With just about a year to go until the 2012 general election, policy makers will have to grapple with that public unrest as they try to battle both soaring deficits and an unemployment rate that has hovered around or above 9 percent for more than two years.
Congressional Republicans recently responded coolly to President Obama’s $447 billion jobs plan, which Democrats proposed paying for by raising taxes on top earners.
And the supercommittee, which has less than a month to unveil its recommendations, has discussed using tax reform as a way to eat into deficits.
Perhaps not surprisingly, 94 percent of liberal respondents to The Hill Poll saw income inequality as either a big problem or somewhat of one.

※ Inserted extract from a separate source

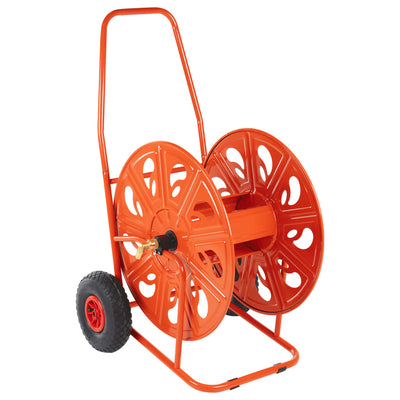 Chariot de tuyau de jardin vidaxl pour 140 m 3 4 acier de tuyau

But 55 percent of conservatives and 81 percent of centrists came to that conclusion as well.
At least 40 percent of each income group saw income inequality as a big problem as well, and 65 percent of respondents making at least$100,000 a year viewed it as a big or somewhat big issue.
Meanwhile, 74 percent of African-Americans said income inequality was a big problem, while 53 percent of white voters did.
As for the tax code,58 percent of Republicans and 70 percent of Democrats find it either not very fair or not at all fair. 77 percent of independents fell into that category.
Healthy majorities of most income groups also took issue with the fairness of current income tax policies. While 50 percent of those making less than$20,000 a year said the system was not very or not at all fair, 80 percent of those making between $75,000 and $100,000 thought so, as did 74 percent of those making more than $100,000.
The nonpartisan Urban-Brookings Tax Policy Center projected this summer that about 46 percent of households will not pay any federal income taxes in 2011,including close to 90 percent of those making $20,000 or less.
Rep. Michele Bachmann (R-Minn.), another presidential candidate, and other Republicans have said those who currently don’t owe income tax should at least pay something. But many of those who owe no federal income tax do pay state and local sales taxes,payroll taxes and other levies.
With the broad dissatisfaction with the tax code, 67 percent of conservatives,51 percent of Republicans and 52 percent of those making more than$100,000 a year favored shifting the United States to the flat tax.
But they were the only groups of respondents to favor such a move, with liberals, Democrats, independents and centrists, not to mention those making less than six figures a year, much cooler to the idea.
Other polls, such as an ABC News-Washington Post survey from last week, have found the public basically split on the flat tax.